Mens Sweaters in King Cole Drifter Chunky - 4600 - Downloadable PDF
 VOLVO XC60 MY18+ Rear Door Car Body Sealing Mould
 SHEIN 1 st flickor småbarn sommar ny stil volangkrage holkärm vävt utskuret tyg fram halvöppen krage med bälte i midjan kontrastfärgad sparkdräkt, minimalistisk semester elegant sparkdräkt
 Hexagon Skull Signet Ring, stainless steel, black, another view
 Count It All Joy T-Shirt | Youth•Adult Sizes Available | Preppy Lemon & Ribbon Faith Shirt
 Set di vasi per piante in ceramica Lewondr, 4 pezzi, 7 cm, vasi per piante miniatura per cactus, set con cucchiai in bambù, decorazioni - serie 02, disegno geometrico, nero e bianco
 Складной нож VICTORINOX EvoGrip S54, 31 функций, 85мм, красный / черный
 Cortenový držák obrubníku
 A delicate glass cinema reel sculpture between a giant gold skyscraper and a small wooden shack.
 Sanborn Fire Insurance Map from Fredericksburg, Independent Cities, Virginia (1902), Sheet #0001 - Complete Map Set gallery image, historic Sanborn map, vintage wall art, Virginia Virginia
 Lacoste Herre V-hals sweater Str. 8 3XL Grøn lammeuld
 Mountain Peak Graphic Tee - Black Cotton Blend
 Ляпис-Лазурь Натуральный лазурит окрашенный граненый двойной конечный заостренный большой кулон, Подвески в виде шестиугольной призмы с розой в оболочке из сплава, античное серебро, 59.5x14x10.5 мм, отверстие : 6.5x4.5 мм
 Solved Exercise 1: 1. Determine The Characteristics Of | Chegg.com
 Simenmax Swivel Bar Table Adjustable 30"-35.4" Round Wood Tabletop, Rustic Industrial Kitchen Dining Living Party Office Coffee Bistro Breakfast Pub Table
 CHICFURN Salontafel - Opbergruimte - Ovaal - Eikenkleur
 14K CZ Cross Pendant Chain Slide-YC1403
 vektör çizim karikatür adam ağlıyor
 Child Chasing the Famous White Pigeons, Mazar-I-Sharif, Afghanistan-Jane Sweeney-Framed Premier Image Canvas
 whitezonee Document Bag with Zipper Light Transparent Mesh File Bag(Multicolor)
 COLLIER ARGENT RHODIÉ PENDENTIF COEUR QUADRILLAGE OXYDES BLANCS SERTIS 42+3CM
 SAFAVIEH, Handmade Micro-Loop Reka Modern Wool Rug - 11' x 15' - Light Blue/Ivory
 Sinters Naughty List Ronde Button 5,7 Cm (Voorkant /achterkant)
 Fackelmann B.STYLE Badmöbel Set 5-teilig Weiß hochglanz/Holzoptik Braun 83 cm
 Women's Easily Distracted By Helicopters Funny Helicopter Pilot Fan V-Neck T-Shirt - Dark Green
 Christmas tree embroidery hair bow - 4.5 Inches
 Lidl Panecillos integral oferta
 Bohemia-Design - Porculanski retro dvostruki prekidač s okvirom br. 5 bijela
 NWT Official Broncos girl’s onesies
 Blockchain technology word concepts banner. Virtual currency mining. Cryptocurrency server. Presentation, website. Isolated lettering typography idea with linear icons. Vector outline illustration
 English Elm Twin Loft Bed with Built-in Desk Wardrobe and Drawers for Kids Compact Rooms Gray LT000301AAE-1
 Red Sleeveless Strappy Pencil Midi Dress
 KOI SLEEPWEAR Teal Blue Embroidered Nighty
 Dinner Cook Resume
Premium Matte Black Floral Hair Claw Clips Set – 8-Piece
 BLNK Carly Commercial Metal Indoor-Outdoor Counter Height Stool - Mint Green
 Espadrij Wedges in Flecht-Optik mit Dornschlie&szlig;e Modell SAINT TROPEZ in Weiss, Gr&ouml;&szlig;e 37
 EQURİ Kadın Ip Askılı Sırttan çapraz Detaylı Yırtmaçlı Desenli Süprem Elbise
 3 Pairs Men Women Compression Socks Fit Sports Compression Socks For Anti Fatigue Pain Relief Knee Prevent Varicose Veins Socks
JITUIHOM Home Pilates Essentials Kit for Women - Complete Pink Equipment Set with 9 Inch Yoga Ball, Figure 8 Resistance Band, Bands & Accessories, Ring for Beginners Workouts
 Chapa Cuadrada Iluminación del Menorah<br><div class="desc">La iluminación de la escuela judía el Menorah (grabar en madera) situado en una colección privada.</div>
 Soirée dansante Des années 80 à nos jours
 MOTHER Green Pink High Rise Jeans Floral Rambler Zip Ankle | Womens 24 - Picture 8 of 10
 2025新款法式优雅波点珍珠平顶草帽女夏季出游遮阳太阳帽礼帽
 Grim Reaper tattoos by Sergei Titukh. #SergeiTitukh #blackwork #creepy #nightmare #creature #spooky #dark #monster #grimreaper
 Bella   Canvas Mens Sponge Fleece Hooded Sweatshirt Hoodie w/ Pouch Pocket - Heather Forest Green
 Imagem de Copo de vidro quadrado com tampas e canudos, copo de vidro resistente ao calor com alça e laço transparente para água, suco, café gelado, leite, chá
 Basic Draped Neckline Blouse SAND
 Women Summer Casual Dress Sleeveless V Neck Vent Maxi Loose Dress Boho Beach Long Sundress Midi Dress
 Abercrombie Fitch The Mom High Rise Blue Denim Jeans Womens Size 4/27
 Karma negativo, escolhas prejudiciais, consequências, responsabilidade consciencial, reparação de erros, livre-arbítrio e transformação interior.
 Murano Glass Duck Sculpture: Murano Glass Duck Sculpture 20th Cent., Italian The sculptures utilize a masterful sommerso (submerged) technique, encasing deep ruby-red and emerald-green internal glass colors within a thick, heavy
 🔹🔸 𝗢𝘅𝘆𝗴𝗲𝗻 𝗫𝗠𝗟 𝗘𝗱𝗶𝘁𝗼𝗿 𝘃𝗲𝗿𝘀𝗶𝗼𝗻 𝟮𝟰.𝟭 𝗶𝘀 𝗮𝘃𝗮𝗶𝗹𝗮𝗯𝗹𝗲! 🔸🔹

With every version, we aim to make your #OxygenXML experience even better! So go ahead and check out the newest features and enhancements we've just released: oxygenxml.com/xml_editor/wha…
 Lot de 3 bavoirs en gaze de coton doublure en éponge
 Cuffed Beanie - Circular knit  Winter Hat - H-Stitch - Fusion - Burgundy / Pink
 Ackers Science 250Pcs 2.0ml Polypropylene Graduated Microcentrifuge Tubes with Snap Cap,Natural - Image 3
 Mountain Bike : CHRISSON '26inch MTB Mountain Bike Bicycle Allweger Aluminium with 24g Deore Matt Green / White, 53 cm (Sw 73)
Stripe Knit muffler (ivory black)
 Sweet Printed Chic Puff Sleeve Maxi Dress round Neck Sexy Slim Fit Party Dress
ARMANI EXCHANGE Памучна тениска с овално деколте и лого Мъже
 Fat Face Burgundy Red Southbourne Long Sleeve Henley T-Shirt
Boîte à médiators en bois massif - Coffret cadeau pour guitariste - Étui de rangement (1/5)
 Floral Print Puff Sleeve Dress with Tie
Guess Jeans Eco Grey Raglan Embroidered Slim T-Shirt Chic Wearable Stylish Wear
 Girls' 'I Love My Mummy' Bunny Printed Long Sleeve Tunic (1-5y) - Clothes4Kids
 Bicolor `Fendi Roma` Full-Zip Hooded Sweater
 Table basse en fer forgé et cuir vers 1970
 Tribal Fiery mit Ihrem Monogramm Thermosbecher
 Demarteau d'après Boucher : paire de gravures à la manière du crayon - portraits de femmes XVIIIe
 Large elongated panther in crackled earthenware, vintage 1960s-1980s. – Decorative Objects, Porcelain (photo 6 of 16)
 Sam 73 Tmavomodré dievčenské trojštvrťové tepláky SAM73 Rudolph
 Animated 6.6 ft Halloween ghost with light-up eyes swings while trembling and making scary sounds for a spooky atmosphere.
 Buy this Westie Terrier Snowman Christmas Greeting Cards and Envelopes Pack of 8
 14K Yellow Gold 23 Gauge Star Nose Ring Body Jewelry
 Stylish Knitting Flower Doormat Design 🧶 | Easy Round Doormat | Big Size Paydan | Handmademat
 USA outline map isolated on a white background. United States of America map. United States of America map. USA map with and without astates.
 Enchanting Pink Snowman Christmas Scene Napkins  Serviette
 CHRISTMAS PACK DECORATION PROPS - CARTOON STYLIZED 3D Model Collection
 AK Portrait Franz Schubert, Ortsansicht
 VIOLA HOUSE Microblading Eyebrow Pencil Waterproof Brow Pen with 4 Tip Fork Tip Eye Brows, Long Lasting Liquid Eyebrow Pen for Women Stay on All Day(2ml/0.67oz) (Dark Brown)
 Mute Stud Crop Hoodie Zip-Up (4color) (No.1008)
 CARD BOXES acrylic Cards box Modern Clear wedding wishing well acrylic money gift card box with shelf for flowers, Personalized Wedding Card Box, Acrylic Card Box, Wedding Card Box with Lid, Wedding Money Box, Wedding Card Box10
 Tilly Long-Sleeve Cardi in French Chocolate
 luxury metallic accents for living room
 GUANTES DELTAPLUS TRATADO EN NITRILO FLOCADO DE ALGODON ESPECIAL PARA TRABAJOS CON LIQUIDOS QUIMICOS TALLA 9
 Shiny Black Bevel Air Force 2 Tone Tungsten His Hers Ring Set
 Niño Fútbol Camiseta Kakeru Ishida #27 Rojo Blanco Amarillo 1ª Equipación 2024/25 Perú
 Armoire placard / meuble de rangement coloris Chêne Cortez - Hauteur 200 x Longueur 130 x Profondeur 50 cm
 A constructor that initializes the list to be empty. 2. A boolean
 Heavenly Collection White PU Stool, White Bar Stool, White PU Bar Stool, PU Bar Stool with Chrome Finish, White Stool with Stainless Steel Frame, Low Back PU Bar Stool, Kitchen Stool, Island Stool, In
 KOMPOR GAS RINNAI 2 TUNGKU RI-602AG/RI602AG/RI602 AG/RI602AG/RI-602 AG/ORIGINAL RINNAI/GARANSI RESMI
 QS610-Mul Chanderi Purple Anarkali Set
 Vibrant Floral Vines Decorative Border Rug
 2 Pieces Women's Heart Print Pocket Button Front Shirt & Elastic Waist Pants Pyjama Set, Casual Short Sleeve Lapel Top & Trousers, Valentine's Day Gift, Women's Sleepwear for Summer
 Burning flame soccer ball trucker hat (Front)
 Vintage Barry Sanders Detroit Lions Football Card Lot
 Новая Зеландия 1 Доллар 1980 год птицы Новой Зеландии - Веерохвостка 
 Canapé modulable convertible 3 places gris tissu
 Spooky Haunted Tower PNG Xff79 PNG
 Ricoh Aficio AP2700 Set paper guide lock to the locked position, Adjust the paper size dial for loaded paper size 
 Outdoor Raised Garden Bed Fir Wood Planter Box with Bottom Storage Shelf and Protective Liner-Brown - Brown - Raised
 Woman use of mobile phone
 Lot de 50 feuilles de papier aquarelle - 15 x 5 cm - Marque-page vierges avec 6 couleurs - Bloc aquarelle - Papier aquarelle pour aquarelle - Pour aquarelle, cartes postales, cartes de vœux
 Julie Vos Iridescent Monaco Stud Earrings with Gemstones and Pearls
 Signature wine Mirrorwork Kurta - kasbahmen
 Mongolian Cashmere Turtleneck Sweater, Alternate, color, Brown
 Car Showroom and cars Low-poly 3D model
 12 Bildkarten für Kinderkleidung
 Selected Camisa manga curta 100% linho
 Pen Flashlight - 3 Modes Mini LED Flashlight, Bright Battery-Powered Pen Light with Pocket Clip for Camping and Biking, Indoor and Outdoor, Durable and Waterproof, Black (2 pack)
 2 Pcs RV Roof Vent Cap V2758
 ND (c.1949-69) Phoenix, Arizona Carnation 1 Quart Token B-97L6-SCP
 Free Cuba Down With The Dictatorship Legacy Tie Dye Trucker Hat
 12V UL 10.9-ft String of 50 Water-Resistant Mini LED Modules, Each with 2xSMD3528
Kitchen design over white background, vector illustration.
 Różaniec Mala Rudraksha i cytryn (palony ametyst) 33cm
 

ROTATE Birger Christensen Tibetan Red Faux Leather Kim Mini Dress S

- - - - - - -

Exercise aim:
From the records above, transcribe without alteration every line from the one with "Sweet Printed Chic" to the one with "Mute Stud Crop", inclusive.

Problem solution:
 Sweet Printed Chic Puff Sleeve Maxi Dress round Neck Sexy Slim Fit Party Dress
ARMANI EXCHANGE Памучна тениска с овално деколте и лого Мъже
 Fat Face Burgundy Red Southbourne Long Sleeve Henley T-Shirt
Boîte à médiators en bois massif - Coffret cadeau pour guitariste - Étui de rangement (1/5)
 Floral Print Puff Sleeve Dress with Tie
Guess Jeans Eco Grey Raglan Embroidered Slim T-Shirt Chic Wearable Stylish Wear
 Girls' 'I Love My Mummy' Bunny Printed Long Sleeve Tunic (1-5y) - Clothes4Kids
 Bicolor `Fendi Roma` Full-Zip Hooded Sweater
 Table basse en fer forgé et cuir vers 1970
 Tribal Fiery mit Ihrem Monogramm Thermosbecher
 Demarteau d'après Boucher : paire de gravures à la manière du crayon - portraits de femmes XVIIIe
 Large elongated panther in crackled earthenware, vintage 1960s-1980s. – Decorative Objects, Porcelain (photo 6 of 16)
 Sam 73 Tmavomodré dievčenské trojštvrťové tepláky SAM73 Rudolph
 Animated 6.6 ft Halloween ghost with light-up eyes swings while trembling and making scary sounds for a spooky atmosphere.
 Buy this Westie Terrier Snowman Christmas Greeting Cards and Envelopes Pack of 8
 14K Yellow Gold 23 Gauge Star Nose Ring Body Jewelry
 Stylish Knitting Flower Doormat Design 🧶 | Easy Round Doormat | Big Size Paydan | Handmademat
 USA outline map isolated on a white background. United States of America map. United States of America map. USA map with and without astates.
 Enchanting Pink Snowman Christmas Scene Napkins  Serviette
 CHRISTMAS PACK DECORATION PROPS - CARTOON STYLIZED 3D Model Collection
 AK Portrait Franz Schubert, Ortsansicht
 VIOLA HOUSE Microblading Eyebrow Pencil Waterproof Brow Pen with 4 Tip Fork Tip Eye Brows, Long Lasting Liquid Eyebrow Pen for Women Stay on All Day(2ml/0.67oz) (Dark Brown)
 Mute Stud Crop Hoodie Zip-Up (4color) (No.1008)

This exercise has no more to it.